For some lectures - especially those once-a-week, three-to-four-hour marathons - I am known to show up as much as two hours early if the room is empty. I find the quiet time an excellent way to focus on lecture preparation, and something about the classroom environment sharpens my attention to the upcoming lecture.

Perhaps this is akin to an athlete arriving at a stadium, or a politician arriving at the venue where a speech will be given. The military uses the phrase "it's go time" to describe the no-nonsense moment where preparation meets action, and though a college history lecture is hardly equivalent to a soldier entering combat, "go time" for me begins when I walk into the classroom.

Except on days when some fellow instructor camps out after a previous class, and my pre-lecture ritual falls by the wayside. Such was the case yesterday, when I walked into "my" room 90 minutes early and another lecturer was using "my" classroom's computer.

As luck would have it, I left my laptop at home, and I had to find a backup work station in the noisy student computer lab to finish my lecture prep.

Had I been born twenty years later, professionals might have slapped a label on me, such as obsessive–compulsive personality disorder, Asperger syndrome, or ergophobia. However, I prefer to simply sum this up as being a slave to my routines, and on most days this desire to make sure the classroom is close to perfection before the lecture starts does not interfere with my life.

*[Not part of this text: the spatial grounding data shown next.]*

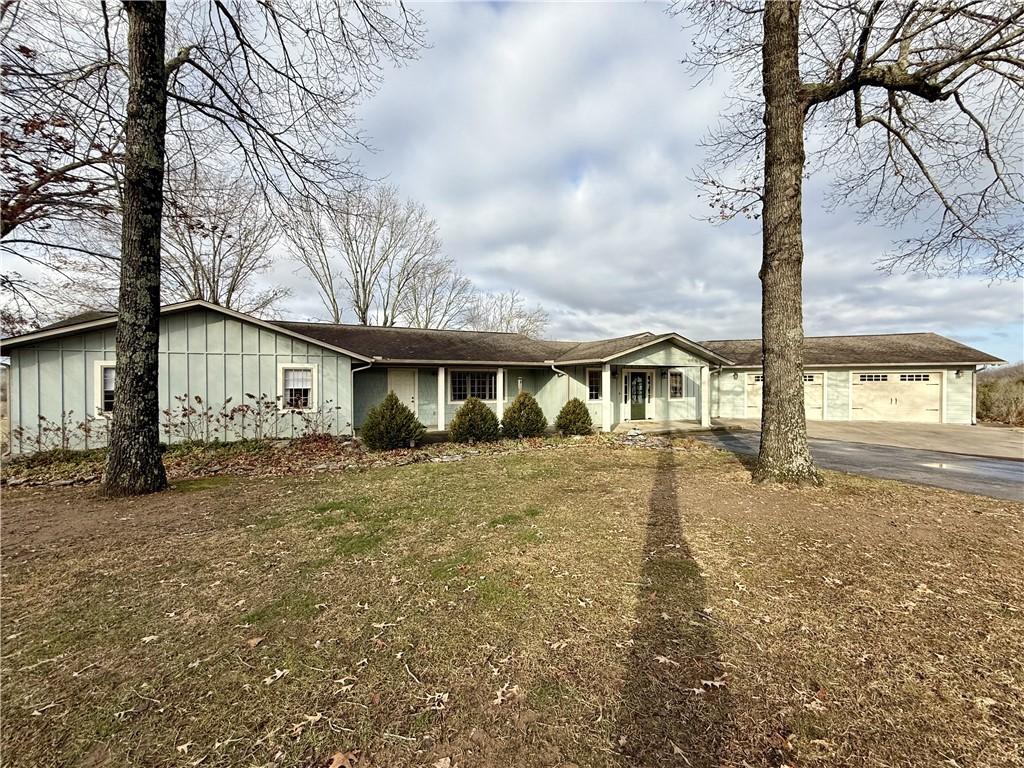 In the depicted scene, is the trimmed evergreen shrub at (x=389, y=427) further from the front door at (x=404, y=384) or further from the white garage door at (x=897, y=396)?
the white garage door at (x=897, y=396)

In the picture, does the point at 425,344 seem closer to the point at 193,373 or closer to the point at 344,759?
the point at 193,373

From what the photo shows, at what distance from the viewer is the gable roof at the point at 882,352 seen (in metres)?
17.7

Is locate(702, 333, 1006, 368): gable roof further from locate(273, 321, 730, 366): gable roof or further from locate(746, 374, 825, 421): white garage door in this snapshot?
locate(273, 321, 730, 366): gable roof

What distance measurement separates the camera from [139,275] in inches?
259

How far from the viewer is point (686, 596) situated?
A: 3.59 meters

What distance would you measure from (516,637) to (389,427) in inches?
351

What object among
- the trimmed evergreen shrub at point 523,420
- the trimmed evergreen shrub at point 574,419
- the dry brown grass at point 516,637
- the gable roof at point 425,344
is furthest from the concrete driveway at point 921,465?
the gable roof at point 425,344

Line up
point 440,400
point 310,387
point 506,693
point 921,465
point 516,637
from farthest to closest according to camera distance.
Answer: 1. point 440,400
2. point 310,387
3. point 921,465
4. point 516,637
5. point 506,693

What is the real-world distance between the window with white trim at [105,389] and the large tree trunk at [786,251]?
14.9 metres

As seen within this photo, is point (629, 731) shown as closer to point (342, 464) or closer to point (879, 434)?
point (342, 464)

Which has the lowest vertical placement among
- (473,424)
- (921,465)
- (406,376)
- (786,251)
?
(921,465)

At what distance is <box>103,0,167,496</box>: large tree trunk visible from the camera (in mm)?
6500

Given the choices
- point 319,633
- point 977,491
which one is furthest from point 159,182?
point 977,491

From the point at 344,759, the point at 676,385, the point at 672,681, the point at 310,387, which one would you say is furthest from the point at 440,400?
the point at 344,759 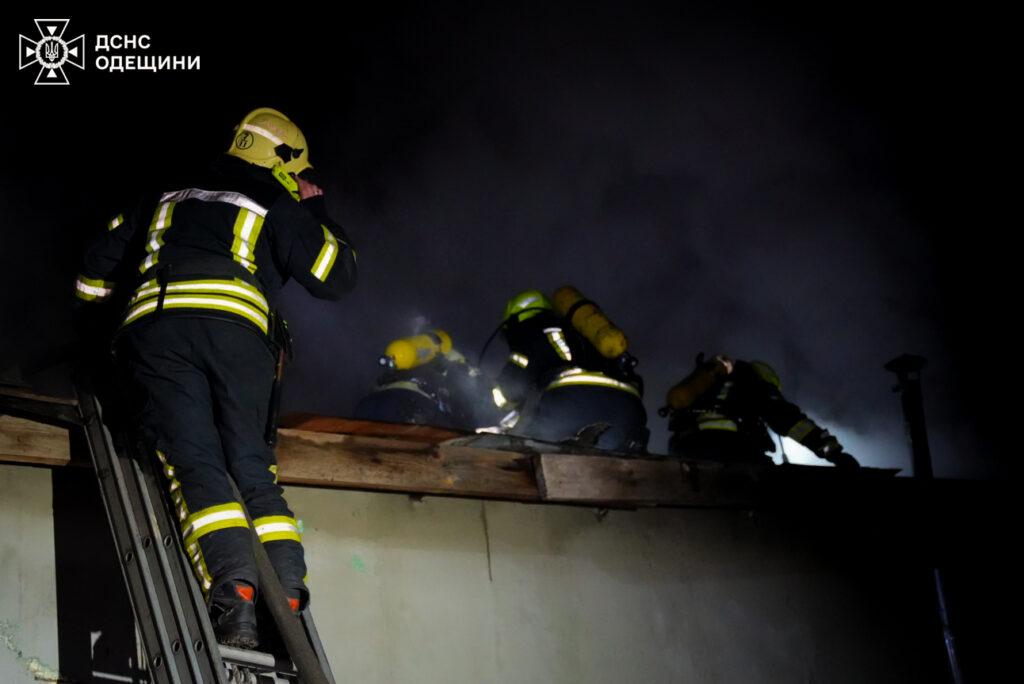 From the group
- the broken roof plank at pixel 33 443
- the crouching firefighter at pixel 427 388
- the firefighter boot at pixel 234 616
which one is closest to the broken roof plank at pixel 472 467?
the broken roof plank at pixel 33 443

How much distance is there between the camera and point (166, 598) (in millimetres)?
2705

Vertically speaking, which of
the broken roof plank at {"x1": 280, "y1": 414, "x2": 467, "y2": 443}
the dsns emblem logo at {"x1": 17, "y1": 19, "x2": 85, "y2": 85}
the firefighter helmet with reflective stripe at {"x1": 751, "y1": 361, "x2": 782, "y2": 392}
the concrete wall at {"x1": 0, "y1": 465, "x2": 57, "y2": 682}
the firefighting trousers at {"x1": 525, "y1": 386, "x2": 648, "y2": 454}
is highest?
the dsns emblem logo at {"x1": 17, "y1": 19, "x2": 85, "y2": 85}

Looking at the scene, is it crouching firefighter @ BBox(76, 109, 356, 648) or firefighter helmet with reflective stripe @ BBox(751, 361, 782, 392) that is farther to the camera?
firefighter helmet with reflective stripe @ BBox(751, 361, 782, 392)

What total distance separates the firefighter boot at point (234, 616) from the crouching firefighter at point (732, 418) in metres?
4.32

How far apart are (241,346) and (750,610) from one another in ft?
12.3

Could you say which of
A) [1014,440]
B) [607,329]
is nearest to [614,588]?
[607,329]

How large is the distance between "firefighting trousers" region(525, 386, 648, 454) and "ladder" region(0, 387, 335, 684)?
2906 mm

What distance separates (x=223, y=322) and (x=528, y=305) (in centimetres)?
311

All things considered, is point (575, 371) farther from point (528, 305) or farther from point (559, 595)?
point (559, 595)

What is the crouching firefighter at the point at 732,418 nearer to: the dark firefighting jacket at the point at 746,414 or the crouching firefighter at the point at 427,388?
the dark firefighting jacket at the point at 746,414

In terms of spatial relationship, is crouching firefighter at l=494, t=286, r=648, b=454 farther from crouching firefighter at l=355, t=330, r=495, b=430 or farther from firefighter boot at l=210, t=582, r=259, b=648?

After 15 minutes of being denied access to "my" room, I began to get fidgety. Peeking in the classroom, I noticed the other instructor was still ensconced at the computer, and I began to imagine that the person was wasting time on Second Life or instant messaging. This, of course, was my own projection of irritation onto the classroom interloper, who likely was engaged in legitimate computer use.

Finally my perceived adversary removed his belongings, smiled at me on the way out, and I sheepishly reclaimed my routine. There was still 30 minutes before even the earliest student would arrive, and I could have given my Cold War lecture without any preparation, as I have delivered it many times, but my slavish devotion to routine had to be followed for the lecture to be a "success," at least in my head.

I am sure the students noticed nothing amiss, and truth be told, I caught oratorical fire in the second hour in debunking some notions about the fall of the Soviet Union. Still, I could have been on par with Cicero yesterday if only I had those 30 minutes back...

3 comments:

Tim Higgins said...

Michael,

The joys of preparation and routine are not to be taken lightly. If an athelete can show up early to "get his head in the game" why not a preparer of young minds.

If only more took such pains ...

Anonymous said...

Some obsessive rituals are a virtue, which you should not deny yourself or your lucky students. Although it is a tautology, you prove that virtue is its own reward.

Mad Jack said...

From HistoryMike: Finally my perceived adversary removed his belongings, smiled at me on the way out...Or, more accurately: Finally the educational roadblock yielded to his 'inner Caliban', collected his bric-a-brac and removed both his person and his offensive odor from my classroom, giving me a condescending yet vapid smile on his way out.